I asked Merlin to speak with her about it, and apparently at some point
he did. She apologized deeply, over and over again, telling me all these
things: how she liked me so much, how I was adorable. The most interesting
part was that she was totally asleep the entire time. I kissed her and
she asked, "Who just kissed me?" "Don't kiss me if I
don't know you". I would respond with, "Liz, it's me . . .",
and she'd say, "Me? Why would I be kissing Me?". I'd reply
with, "Liz, it's Bob", and then she'd say, "Oh, Bob is
adorable. He's the only one allowed to kiss me."
She said other such remarks. She talked about Merlin, about Amanda .
. . she said Amanda was her best friend, but that she worried about
her and Seth, and them being alone tonight. At one point she got up
out of bed, I pulled her back down of course, and she said, "Hey!
I need to go help Amanda! I can't let her be alone with Seth!"
It was very interesting. It's the true mark of a best friend when someone
shows that sort of commitment in their sleep.
She went on after awhile and talked about how she didn't know what love
is, and how she'd never experienced true love. She said many an interesting
things, which I filed away in that cabinet I call my brain.

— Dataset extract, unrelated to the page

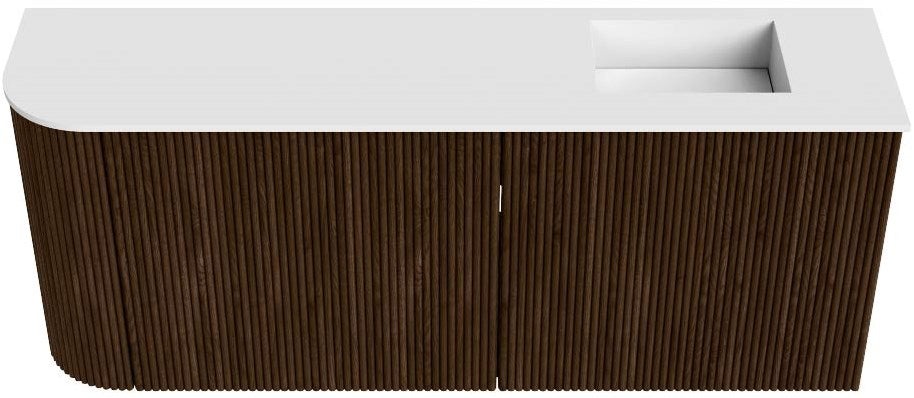 JOYA 101,6cm toiletmeubel ronding links kleur Walnut. Wastafel FAYE positie Rechts Zonder kraangat kleur Talc.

Another entertaining incidence was at 5:30 A.M. She rolled over and
said, "I'm gonna go cook you breakfast sweetheart! That way you'll
still love me." I stopped her and said something that I honestly
don't remember, and she said, "Nonsense, if you stop me the fairies
will get angry at you, and then what would we do?" It was pretty
entertaining. I remember laughing a little, but perhaps I was also a
little bit nervous.
The most deep and moving of all the comments, the one that scared me
the most, the one that touched me the most, the one that burned deep
inside of me as the sum of all my fears. She said quietly, "I don't
think the angels will want me.", then once again, "I hope
the angels will take me." That struck me deep down, it was hard
to contain a lot of the emotions I was feeling. All I could really say
was, "You already are an angel, Liz.", and "Of course
they'd take you, you're so beautiful." I really couldn't think
of much else to say, I was in a little state of emotional shock. Nonetheless,
I continued to comfort her.
At around 6:30, she rolled onto me. Now that I think about it, I remember
her saying I was cold and rolling onto me. It was really pleasant; the
heat of her body kept me warmer than my blankets were. It was also nice
to be that close to her.
At 7:00, she stroked me hair. I'd fallen asleep with her rolled onto
my side. She kissed me and suffered my morning breath - a brave woman
indeed, but then took my hands and told me she had a doctors appointment.
At first I thought she was still dreaming, and told her to relax, to
calm down, and then I realized that she was actually more conscious
than before by the way she was kissing me. I kissed her for a little,
then she got up, and I walked her out the door.
If anything ever happens to her, or should she survive, I'm going to
write an article about the emotions I've experienced as this awesome
girl's boyfriend. I'm not the pious type necessarily, but all that's
left for me to do is have faith. To pray. To finally believe in God
and that everything that's happening here, and to her, is all for a
reason that he decided long before I was brought onto this Earth.